The last stretch to the summit was a snow ridge. I turned to my Herren with the words: "Gentlemen, that's as far as I can take you." ...

On the crest of the king of the Rockies, there was not much room to stand. We descended a few metres and stamped down a good space. It was half past 5 o'clock. Our barometer showed exactly 13,000 feet.

The view was glorious in all directions. One could compare the sea of glaciers and mountains with a stormy ocean. Mount Robson is about 2,000 feet higher than all the other mountains in the neighbourhood.

Indescribably beautiful was the vertical view toward Berg Lake and the camp below. Unfortunately only 15 minutes were allowed us on the summit, 10 of pure pleasure and five of teeth chattering. The rope and our damp clothes were frozen as hard as bone.
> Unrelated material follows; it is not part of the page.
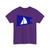 Burgee of Sandusky Sailing Club (United States) T-Shirt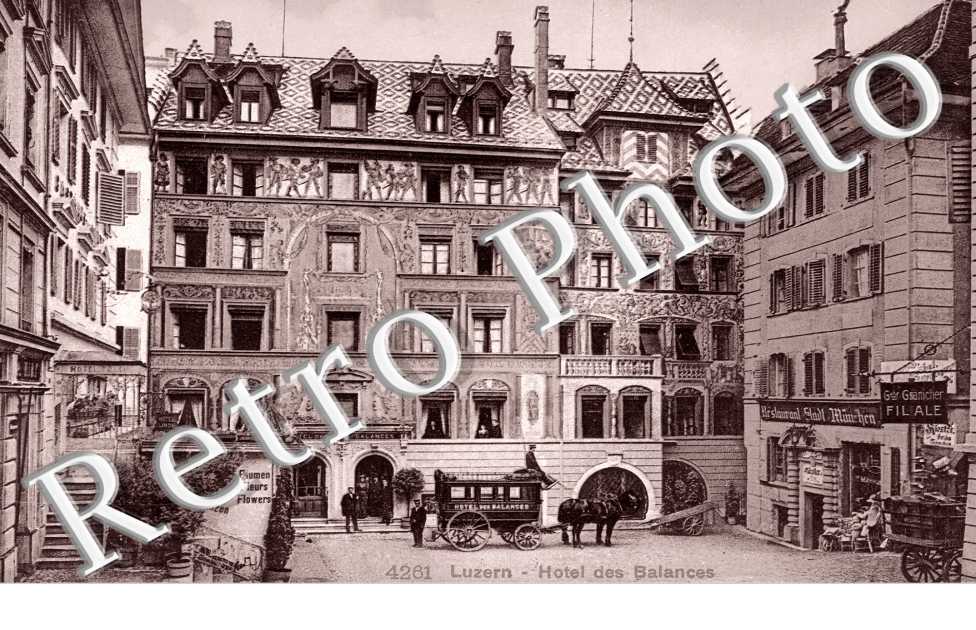 Hotel des Balances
And so we had to think of the long descent.

***

DON'T BE AFRAID TO LIE

Conrad Kain's four rules for being a good mountain guide, as listed in his autobiography, Where the Clouds Can Go:

First, he should never show fear.

Second, he should be courteous to all, and always give special attention to the weakest member in the party.

Third, he should be witty, and able to make up a white lie on short notice and tell it in a convincing manner.

Fourth, he should know when and how to show authority; and, when the situation demands it, should be able to give a good scolding to whomsoever deserves it.